“No one said it is going to be easy – but if it was, we would not be in the resource management space in the first place.”
During March I was lucky enough to spend three beautiful days in Nelson at the New Zealand Planners Institute Annual Conference. The theme of this year’s conference was “values, voices, vision”, which explored planning and leadership during these times of critical challenges, such as COVID-19 and climate change, to name but a few.
Day 1 was kicked off with a Powhiri at Whakatū Marae. The conference drew people from North to South, so it was extremely humbling to be welcomed to the area by tangata whenua and to form a connection with both people and the land, for the days ahead. The remainder of the day was spent at the Emerging Planners congress where we learnt about the role and value of urban design, and some of the challenges that Waka Kotahi are facing. For instance, transportation demand, climate change, urban sprawl, and the increase of roading accidents. Emerging planners were also challenged to think about their future in planning – how to “plan” your planning career so to speak, and to find a mentor to help navigate this dynamic space we work in.

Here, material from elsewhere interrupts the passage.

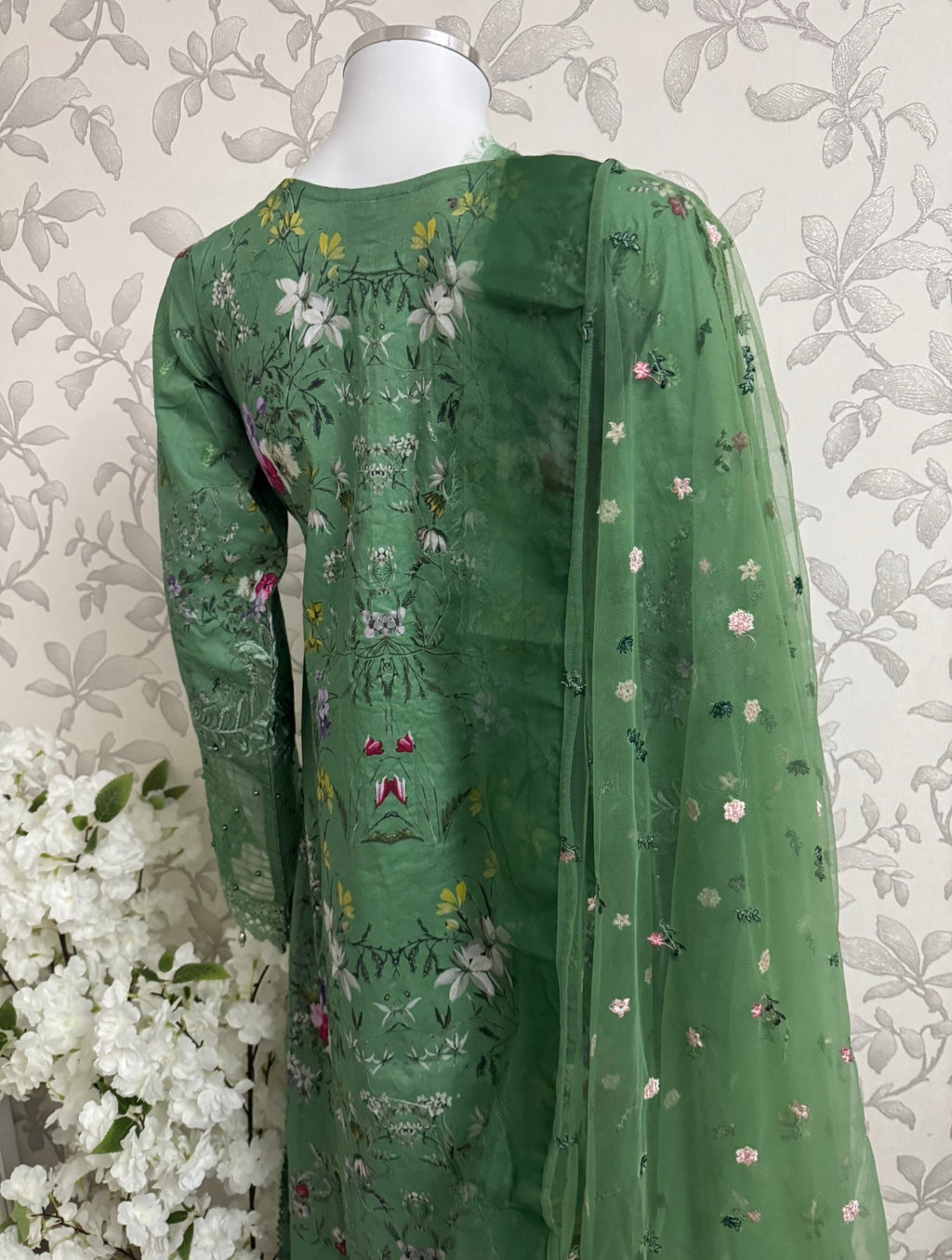 Emerald Green Embroidered Lawn Suit – Luxury Pakistani 3 Piece Set with Net Dupatta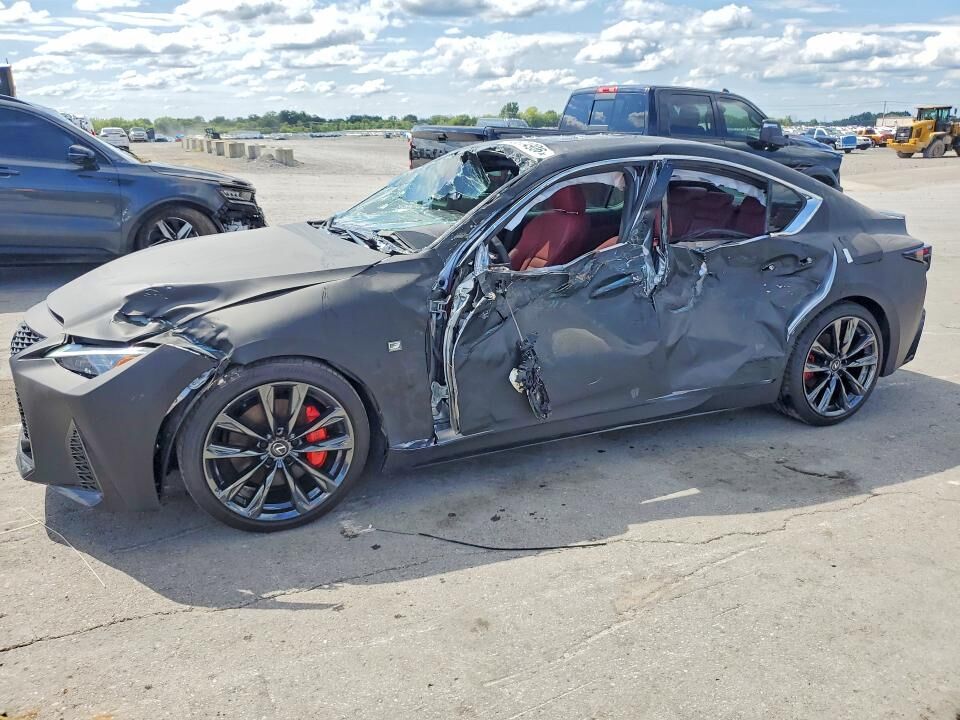 2024 LEXUS IS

Day 2 went virtual, where we had numerous international speakers join us on the big screen (literally) to explore climate change, placemaking and identity. Breakout session delved into some of the more practical and tangible ways to take action on some of the challenges we face, and how we can achieve action through participation and strategic direction.

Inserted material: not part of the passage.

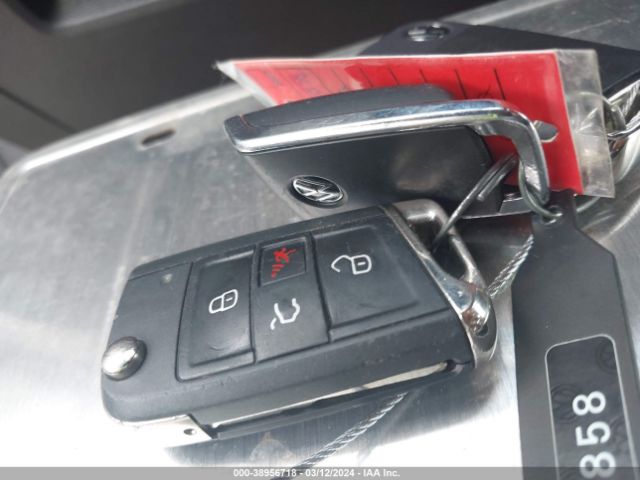 3VV1B7AX1NM122858 Volkswagen Tiguan 2.0t S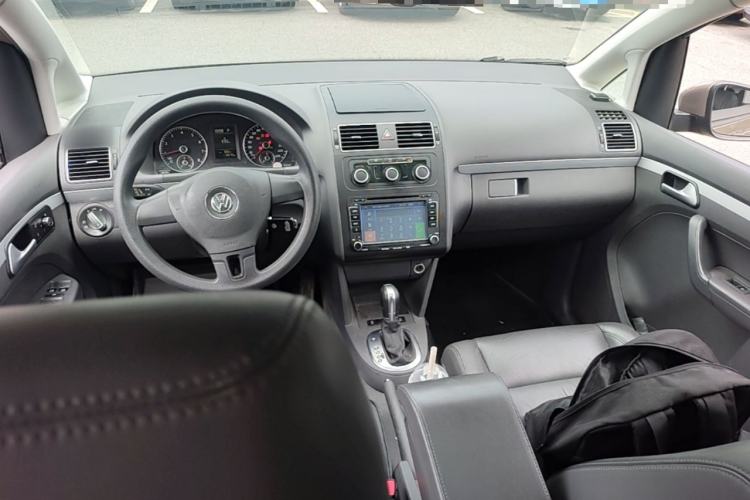 Used Volkswagen Touran 2015 1.4T DSG Comfort Edition 5 Seats Center Console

The final day of the conference examined the heart of some the issues we as planning practitioners face now, and the challenges and opportunities for the future. Exploring local and national direction, and the upcoming RMA reform took centre stage with Hon David Parker discussing the overarching aims of the reform, and what the process will look like. No one said it is going to be easy – but if it was, we would not be in the resource management space in the first place.
One of the highlights of the conference for me was the focus on mātauranga Māori, loosely encapsulated as Māori knowledge. Every single person in the room was challenged to think about how mātauranga Māori ties into our everyday work as resource management practitioners, and to what extent it is captured in our current processes and legislation. If one thing is for certain – we have a long journey ahead, and every person whether a practitioner or citizen has a responsibility to build understanding and awareness.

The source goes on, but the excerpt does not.